Ypsilanti veteran meets comrades in France

By WILLIAM B. TREML
NEWS STAFF REPORTER

PINCKNEY — Bill Horner, an old soldier of a war now almost forgotten, sat in the kitchen of his Patterson Lake home, hidden away along a sandy lane, deep within the pines and the hickories of the lake country. Before him on a table was spread a huge map of France. With a finger he traced the battle route of his old outfit, the 103rd Division.

“We tracked it,” Horner says. “All the villages, all the old places. It was a trip I’ll never forget.”

For Horner and for his aging comrades who recently came back from France, it was a bittersweet revisit, a wrenching, jolting return to a time when they were young and eager and sure they could fight and never lose. There were tears and laughs and silent moments on Bill Horner’s journey to the yesteryear of World War II. And there were many memories of comrades who who never came home, who lie like A. E. Houseman’s youths, by brooks too broad for leaping, in fields where roses fade.

Horner, an Ypsilanti native and Eastern Michigan University graduate, was one of 169 former members of the 103d Infantry Division who toured the Alsace section of northeastern France where they fought so many years ago.

It was there in the fall and early winter of 1944, there in the lush farm fields and in the vineyards and around the centuries-old villages that the men of the 103rd, the Cactus Division, stormed the German lines, overran the enemy command posts, liberated the towns which had been held in the Nazi grasp for four brutal years.

“It was a tour that came about by chance, by happenstance really,” Horner, a retired Michigan Highway Department bridge inspector, says. “ A couple of years ago Harley Richardson from Oklahoma, a lieutenant in the 103rd, was in France on business. He was traveling through the section of Alsace where the division had fought and he happened to run into Pierre Marmillod, the son of a man who had dreamed for years of welcoming back members of the 103rd. The father had died but Pierre remembered his dad’s dream and when he found out that Harley had served in the 103rd he urged him to help organize a reunion in France. That was the start. It just got rolling after that.”

When he returned to the United States, Richardson began making contacts with 103rd Division historians who provided lists of names and addresses. Soon a tentative plan for a tour of the Alsace area was drawn up and letters were sent out.

The veterans flew to France together in mid-June. There they made their way back to the towns where once there was only shell fire and death.

“We went village to village, following the trail,” Horner recalls. “We started at Dijon and went to Epinal, to Bruyeres to St.-Die, to Alsace. We went on to Saverne and Haguenau. At Epinal we visited an American cemetery. The lines of graves, the white crosses, where some of the 103rd boys lie, those things you don’t forget. Some of our group found the graves of buddies, found their names on the crosses, a sad thing.

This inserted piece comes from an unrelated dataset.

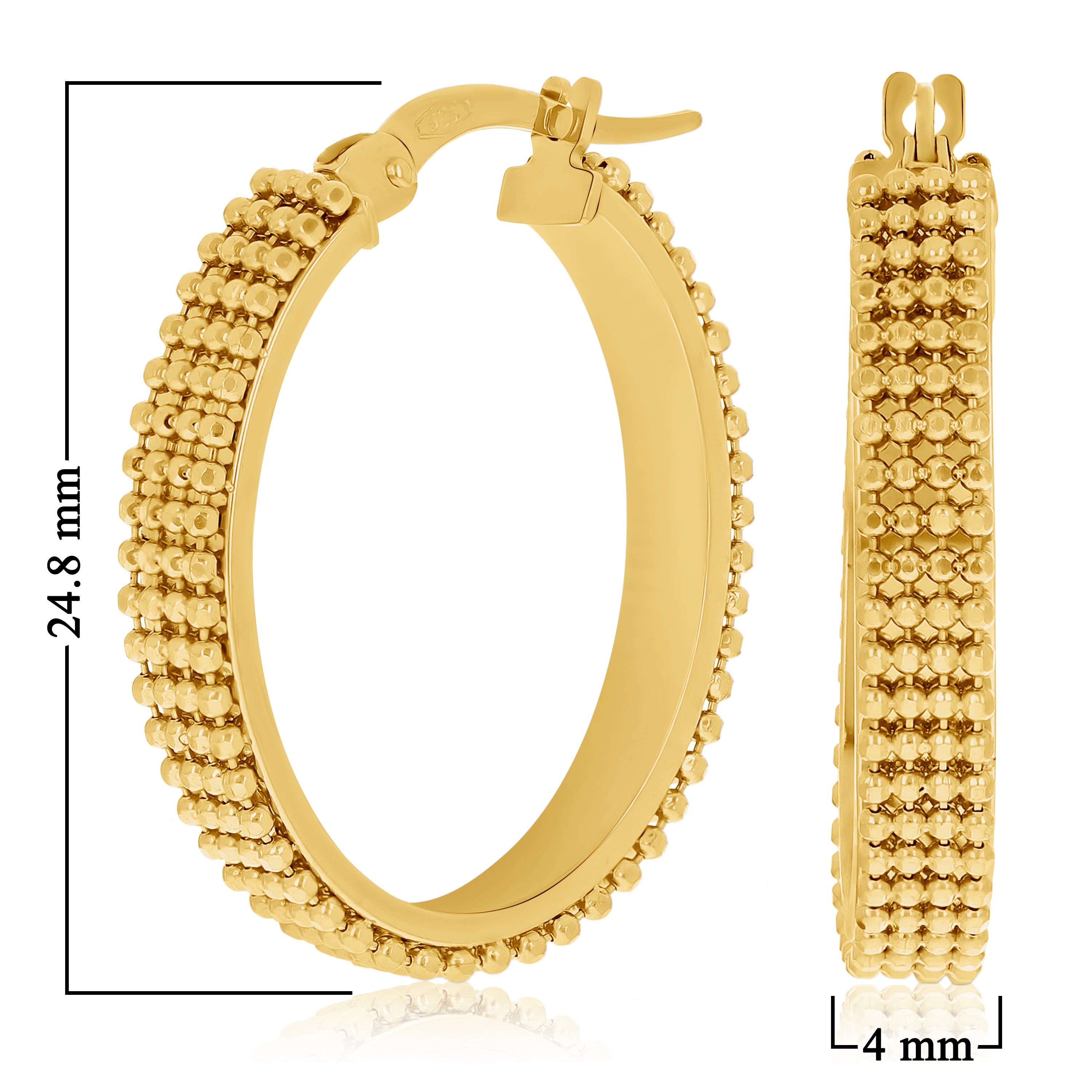 Italian 14k Yellow Gold Beaded Oval Hoop Earrings 1" 4mm 3.3 grams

When we liberated St.-Die the mayor named a city park after the 103rd. It’s still there. I guess that’s what the real story of this pilgrimage is all about: the gratitude, the respect the French people showed all of us, even after more than 40 years. In each village, everywhere we went, there were welcoming ceremonies, receptions, handshakes, embraces. And it wasn’t just the older people. There were a lot of young men and women, in their 20s who just read in their history books about World War II but had been told by their parents and their grandparents about the American liberation, about how we had driven out the Germans and given their towns back to them. They’re still grateful, still giving thanks. It made you glad. It made you think of the sacrifice, of the loss, of what freedom meant to these people. And that we were able to help.”

Outside the Horner home on the shores of Patterson Lake the yard was basked in the bright, yellow August sun. But inside the house where a map of France covered a kitchen table, it was early winter again, the winter of 1944. And the young tigers of the 103rd were once again charging through Dijon and Epinal and St.- Die, daring and eager and sure they could fight and never lose.

World War II veteran Bill Horner traces the battle route of his old outfit, the 103rd Division that fought in the Alsace section of northeastern France.